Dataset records
───

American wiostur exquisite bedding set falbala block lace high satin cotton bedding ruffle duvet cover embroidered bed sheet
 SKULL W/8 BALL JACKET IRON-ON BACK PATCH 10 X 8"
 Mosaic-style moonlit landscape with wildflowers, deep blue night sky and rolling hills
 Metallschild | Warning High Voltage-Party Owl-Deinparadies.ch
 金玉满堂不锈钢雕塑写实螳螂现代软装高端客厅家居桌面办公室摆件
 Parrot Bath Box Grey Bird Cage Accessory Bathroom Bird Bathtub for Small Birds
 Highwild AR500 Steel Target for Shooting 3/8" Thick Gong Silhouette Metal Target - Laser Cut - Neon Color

───

Set down all the data exactly as given.

American wiostur exquisite bedding set falbala block lace high satin cotton bedding ruffle duvet cover embroidered bed sheet
 SKULL W/8 BALL JACKET IRON-ON BACK PATCH 10 X 8"
 Mosaic-style moonlit landscape with wildflowers, deep blue night sky and rolling hills
 Metallschild | Warning High Voltage-Party Owl-Deinparadies.ch
 金玉满堂不锈钢雕塑写实螳螂现代软装高端客厅家居桌面办公室摆件
 Parrot Bath Box Grey Bird Cage Accessory Bathroom Bird Bathtub for Small Birds
 Highwild AR500 Steel Target for Shooting 3/8" Thick Gong Silhouette Metal Target - Laser Cut - Neon Color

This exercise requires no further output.